Storage Instructions

While best enjoyed fresh, you can store leftovers in an airtight container in the refrigerator for up to 24 hours. Be aware that the salad may become slightly watery as it sits.

FAQs

Got questions? I’ve got answers!

Can I use pre-cooked moong dal for this salad?

You can, but the texture won’t be quite the same. Soaked and slightly softened moong dal is ideal.

How can I make this salad less spicy?

Remove the seeds from the green chili, or use a milder chili variety. You can also omit the chili altogether.

Can I prepare this salad ahead of time? If so, how long will it keep?

You can prep the ingredients ahead, but it’s best to combine everything just before serving. Leftovers will keep for up to 24 hours, but may become watery.

What are the health benefits of beetroot and moong dal?

Beetroot is packed with vitamins, minerals, and antioxidants. Moong dal is a great source of protein and fiber, making this salad a nutritional powerhouse!

Can I add other vegetables to this salad? What would you recommend?

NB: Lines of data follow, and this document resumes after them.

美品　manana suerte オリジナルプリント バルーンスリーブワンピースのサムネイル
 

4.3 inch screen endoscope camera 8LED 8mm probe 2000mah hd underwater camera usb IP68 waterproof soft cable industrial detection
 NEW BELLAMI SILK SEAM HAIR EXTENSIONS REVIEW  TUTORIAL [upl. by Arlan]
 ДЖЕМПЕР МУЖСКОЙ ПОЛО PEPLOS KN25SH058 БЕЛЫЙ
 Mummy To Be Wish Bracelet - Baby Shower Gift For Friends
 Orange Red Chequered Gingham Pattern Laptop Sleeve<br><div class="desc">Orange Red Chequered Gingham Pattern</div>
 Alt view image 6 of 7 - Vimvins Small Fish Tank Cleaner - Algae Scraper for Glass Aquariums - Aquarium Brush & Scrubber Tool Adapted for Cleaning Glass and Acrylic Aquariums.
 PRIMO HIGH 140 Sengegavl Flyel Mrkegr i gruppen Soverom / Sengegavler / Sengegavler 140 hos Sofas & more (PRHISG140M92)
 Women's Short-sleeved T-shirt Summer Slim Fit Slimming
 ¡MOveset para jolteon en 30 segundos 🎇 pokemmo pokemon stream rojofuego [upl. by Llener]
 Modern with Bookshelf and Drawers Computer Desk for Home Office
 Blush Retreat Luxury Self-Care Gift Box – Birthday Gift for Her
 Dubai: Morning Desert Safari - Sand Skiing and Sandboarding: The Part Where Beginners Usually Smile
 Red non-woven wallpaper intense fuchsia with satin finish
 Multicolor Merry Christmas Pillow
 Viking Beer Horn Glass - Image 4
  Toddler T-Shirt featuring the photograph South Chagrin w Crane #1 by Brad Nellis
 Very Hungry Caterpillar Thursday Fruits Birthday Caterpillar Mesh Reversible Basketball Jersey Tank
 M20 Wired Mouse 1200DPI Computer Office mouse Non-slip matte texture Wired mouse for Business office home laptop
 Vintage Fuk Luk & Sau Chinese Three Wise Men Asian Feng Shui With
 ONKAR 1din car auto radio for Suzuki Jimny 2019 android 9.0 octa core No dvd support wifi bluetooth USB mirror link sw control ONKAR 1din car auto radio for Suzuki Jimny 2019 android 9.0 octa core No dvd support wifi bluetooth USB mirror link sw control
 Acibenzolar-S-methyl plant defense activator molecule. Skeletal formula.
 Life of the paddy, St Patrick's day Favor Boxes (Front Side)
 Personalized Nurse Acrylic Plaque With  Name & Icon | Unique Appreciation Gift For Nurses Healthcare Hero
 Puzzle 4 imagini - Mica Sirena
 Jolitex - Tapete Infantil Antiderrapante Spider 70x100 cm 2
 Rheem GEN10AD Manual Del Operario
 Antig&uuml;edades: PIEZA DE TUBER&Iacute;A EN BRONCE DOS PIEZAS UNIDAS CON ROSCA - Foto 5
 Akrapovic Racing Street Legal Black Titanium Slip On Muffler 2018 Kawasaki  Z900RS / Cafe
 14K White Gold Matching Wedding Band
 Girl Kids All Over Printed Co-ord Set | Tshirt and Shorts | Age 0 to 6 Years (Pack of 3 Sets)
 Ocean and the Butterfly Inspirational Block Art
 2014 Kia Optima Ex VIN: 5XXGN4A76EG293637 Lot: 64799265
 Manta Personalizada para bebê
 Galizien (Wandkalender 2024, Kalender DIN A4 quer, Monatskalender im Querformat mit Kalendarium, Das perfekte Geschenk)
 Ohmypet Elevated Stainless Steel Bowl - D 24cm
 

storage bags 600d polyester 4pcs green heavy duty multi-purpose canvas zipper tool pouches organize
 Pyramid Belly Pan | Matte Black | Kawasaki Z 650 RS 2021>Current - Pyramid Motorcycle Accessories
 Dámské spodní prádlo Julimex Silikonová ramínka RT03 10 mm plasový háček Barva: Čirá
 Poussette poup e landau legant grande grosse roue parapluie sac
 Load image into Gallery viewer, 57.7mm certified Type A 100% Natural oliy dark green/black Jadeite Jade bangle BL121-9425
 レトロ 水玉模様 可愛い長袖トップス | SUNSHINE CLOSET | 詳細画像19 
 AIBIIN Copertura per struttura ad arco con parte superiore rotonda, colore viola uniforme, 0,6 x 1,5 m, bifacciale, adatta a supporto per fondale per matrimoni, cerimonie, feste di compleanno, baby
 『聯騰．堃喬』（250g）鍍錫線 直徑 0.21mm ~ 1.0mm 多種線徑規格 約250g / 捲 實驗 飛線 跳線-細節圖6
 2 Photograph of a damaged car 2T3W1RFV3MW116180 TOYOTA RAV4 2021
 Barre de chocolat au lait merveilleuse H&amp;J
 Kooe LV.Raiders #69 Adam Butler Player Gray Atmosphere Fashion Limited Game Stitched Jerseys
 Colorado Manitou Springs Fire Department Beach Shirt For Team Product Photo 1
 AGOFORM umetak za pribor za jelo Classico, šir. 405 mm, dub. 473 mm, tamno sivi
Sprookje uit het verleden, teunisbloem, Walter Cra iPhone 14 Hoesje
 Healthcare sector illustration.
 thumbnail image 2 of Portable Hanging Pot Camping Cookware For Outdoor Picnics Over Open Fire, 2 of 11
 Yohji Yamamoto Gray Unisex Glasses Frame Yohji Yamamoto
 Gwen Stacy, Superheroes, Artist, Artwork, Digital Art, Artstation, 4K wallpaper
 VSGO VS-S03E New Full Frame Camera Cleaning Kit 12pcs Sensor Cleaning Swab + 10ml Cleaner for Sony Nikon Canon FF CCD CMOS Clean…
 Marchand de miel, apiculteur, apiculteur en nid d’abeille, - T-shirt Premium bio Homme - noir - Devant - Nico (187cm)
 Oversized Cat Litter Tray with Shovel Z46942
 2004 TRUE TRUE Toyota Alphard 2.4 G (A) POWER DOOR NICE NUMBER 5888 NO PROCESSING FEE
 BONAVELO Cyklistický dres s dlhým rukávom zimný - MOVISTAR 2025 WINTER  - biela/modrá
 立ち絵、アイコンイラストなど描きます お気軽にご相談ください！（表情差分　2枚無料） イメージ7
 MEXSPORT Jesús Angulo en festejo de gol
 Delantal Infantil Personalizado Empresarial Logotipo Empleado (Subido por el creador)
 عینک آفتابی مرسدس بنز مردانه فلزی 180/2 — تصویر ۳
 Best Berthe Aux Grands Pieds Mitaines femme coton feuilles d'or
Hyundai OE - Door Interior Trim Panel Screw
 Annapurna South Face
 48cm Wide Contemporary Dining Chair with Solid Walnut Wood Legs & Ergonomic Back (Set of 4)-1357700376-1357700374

Absolutely! Finely chopped cucumber, carrots, or even a little onion would be delicious additions.

Is this salad suitable for weight loss?

Yes! It’s low in calories and high in fiber, making it a great option for those watching their weight.

What is the best way to grate beetroot for this recipe?

A medium-sized grater works best. You want the beetroot grated, but not too finely, to avoid it becoming mushy.